Yet to continue with Burke’s line of thought, the sublime is not exclusively an unpleasant emotion, for danger or pain can, in certain circumstances, give us delight. And the sublime has other qualities: it overwhelms our faculty of reason, such that we are rendered incapable of rational thought.

You see how this could be a problem? I would not call that a quality, necessarily, except in the sense of measuring what something does. To the extent that a sensational meme in a Facebook post or a headline on Twitter causes people to lose their minds and all rationality, he may be onto something.

“The passion caused by the great and the sublime in nature, when those causes operate most powerfully, is Astonishment; and astonishment is that state of the soul, in which all its motions are suspended, with some degree of horror.”

This heightened state of astonishment, where reason is driven out by “an irresistible force”, and “the mind is so entirely filled with its object, that it cannot entertain another”, is more terrible to us when it is accompanied with a sense of the unknown (or what Burke calls obscurity).

For Burke, obscurity is an absence of clarity, whether in the sensory darkness of sight (or blinding lightness), or mental uncertainty of thought. As he observes, “everyone will be sensible to this, who considers how greatly night adds to our dread.”

You see where I’m going with this, right?
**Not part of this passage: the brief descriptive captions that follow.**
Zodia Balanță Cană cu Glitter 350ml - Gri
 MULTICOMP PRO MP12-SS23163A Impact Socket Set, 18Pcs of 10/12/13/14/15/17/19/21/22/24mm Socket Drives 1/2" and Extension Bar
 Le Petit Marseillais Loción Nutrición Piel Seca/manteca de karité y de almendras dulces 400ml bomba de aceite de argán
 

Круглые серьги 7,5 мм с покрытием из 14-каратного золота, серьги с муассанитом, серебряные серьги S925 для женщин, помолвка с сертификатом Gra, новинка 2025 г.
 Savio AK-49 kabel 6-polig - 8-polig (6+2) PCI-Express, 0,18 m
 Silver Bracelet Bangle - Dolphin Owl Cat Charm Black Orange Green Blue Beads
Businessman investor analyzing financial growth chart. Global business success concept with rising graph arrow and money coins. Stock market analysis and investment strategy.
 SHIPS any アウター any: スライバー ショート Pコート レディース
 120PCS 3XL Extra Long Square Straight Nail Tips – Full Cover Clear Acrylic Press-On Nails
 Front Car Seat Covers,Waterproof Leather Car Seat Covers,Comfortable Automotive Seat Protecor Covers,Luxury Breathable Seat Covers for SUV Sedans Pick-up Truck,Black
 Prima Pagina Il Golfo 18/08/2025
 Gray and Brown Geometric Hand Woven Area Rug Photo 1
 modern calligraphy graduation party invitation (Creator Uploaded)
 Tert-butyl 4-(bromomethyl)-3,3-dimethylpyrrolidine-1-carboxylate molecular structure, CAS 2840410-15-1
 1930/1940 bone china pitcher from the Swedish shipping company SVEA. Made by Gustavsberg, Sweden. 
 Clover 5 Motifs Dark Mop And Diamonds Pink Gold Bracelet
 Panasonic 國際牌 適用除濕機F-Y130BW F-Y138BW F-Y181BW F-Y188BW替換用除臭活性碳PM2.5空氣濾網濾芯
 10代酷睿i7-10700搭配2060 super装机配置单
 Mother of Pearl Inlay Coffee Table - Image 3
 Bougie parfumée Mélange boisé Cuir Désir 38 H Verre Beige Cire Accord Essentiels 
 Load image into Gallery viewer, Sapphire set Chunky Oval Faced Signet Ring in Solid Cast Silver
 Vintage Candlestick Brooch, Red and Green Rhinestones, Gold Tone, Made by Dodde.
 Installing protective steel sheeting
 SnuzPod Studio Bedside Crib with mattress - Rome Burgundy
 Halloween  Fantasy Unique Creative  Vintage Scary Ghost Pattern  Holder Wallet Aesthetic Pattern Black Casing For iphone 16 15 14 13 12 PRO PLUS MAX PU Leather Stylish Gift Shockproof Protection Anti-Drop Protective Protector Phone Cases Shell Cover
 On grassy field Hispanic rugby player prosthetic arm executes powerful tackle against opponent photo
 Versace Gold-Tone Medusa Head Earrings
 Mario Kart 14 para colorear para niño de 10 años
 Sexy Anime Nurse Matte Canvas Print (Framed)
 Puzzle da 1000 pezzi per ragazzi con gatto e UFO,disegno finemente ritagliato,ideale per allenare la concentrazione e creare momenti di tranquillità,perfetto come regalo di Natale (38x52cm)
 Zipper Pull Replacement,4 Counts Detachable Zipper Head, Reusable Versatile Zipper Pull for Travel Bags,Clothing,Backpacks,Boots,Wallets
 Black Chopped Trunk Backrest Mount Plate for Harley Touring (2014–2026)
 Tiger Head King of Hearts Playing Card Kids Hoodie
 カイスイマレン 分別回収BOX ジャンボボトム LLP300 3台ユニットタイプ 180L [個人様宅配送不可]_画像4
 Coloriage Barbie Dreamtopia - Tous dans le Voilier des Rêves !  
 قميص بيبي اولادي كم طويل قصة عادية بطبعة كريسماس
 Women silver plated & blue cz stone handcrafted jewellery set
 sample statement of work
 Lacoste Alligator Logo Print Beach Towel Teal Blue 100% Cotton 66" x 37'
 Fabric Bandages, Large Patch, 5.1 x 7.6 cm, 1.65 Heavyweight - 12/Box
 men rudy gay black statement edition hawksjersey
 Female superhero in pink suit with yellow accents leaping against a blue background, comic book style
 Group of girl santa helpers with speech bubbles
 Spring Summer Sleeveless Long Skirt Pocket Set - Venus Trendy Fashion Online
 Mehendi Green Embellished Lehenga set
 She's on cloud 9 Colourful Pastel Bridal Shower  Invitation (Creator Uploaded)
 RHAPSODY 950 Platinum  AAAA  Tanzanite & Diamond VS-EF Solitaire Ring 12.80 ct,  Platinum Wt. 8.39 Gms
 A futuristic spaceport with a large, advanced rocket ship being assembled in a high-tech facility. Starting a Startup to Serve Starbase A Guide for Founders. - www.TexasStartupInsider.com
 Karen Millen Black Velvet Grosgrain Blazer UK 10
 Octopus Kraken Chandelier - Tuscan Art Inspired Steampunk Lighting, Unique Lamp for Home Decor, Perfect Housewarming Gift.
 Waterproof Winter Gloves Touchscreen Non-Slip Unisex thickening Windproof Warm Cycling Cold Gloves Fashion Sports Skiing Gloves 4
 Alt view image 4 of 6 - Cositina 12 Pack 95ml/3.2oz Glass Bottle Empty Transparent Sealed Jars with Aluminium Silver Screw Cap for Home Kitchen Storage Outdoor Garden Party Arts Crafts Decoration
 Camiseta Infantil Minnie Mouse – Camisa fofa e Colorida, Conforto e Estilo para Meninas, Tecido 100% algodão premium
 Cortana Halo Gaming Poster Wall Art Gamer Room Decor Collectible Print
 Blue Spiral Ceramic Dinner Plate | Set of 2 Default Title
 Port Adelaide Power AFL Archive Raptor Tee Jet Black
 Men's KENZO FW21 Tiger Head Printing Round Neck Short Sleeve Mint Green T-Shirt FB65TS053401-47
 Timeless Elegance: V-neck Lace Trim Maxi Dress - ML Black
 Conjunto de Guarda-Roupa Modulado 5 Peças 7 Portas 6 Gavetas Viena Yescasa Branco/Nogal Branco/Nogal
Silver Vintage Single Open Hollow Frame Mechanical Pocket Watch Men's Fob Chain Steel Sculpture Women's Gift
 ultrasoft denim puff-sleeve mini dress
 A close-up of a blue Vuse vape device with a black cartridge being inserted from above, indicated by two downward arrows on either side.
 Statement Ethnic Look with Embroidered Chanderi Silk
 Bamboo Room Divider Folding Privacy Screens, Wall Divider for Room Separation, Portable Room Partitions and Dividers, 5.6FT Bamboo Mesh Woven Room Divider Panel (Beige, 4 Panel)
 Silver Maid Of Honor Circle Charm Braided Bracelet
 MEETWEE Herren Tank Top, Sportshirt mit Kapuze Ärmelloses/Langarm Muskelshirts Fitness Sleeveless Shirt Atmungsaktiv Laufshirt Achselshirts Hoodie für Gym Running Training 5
Or has the adrenaline from consuming too many posts and tweets simply rendered your brain incapable of sustaining a thought long enough to actually think about a thought?

Burke notes how religions have used darkness to create fear, such that “the druids performed all their ceremonies in the bosom of the darkest woods, and in the shade of the oldest and most spreading oaks.”

I have written at length about how existential anxiety can be used to promote authoritarianism.

Related: How Existential Anxiety Leads to Authoritarianism

Further, it is vastness, or “greatness of dimension”, which is “a powerful cause of the sublime”, where “looking down from a precipice” on a mountain has greater impact depending of its depth and steepness, and where “the effects of a rugged and broken surface seem stronger than where it is smooth and polished.”

Finally, another source of the sublime is what Burke calls infinity, where the eye is not able to “perceive the bounds” of something, or “see an object distinctly”, and this gives rise to a “terrible uncertainty of the thing” perceived.

For Burke: “Infinity has a tendency to fill the mind with that sort of delightful horror, which is the most genuine effect, and truest test of the sublime.”

The German philosopher Immanuel Kant critiqued Burke for not understanding the causes of the mental effects that occur in the experience of the beautiful or the sublime. According to Kant, Burke merely gathered data so that some future thinker could explain them.

“To make psychological observations, as Burke did in his treatise on the beautiful and the sublime, thus to assemble material for the systematic connection of empirical rules in the future without aiming to understand them, is probably the sole true duty of empirical psychology, which can hardly even aspire to rank as a philosophical science.”
— Immanuel Kant, First Introduction to the Critique of Judgment, X.

Forgive these pathways into academia obscuritas. Perhaps it’s the rain that leads my brain to wander off into this corner of the internet, or more accurately, the web.

One more quip before I go.

If you keep trodding down this path, it eventually leads you to the obscure poetry of Bob Dillon.

I do not wish to slander or praise the man, for some say he is a genius.

He is said to wander from the sublime to the ridiculous, as he does in his 17 minute-long song, “Murder Most Foul.”

Now if I wrote a word about the Kennedy assassination, no matter which words or in what order, there are those who would accuse me of being a conspiracy theorist. Of course conspiracy theorists seem to be the lords of today, making millions from their cranky ideas.

Nothing will put you in the poor house sooner than daring to tell the fucking truth.

But if you turn it into a poem or song, even a bad poem or bad song, and are obscure enough about your meaning, people will worship you like a god.

If you try to bring clarity of meaning to the masses, you are an “enemy of the people.”

Go figure. A fifth grader could do better. Only fifth graders are not on Facebook or Twitter.

They watch videos on TikTok instead.

And you say there is hope for democracy and human life on Earth?

I have many doubts.

I will continue to try my best to avoid the ridiculous — while constantly engaging in a never-ending story in search of the sublime.

Truth be told, it only exists in nature and nature’s laws, not in god or man. It’s certainly not on television, or Facebook or Twitter.

But you know me. It is my sincere belief that you have to get away from the screens and go outside in nature to find it.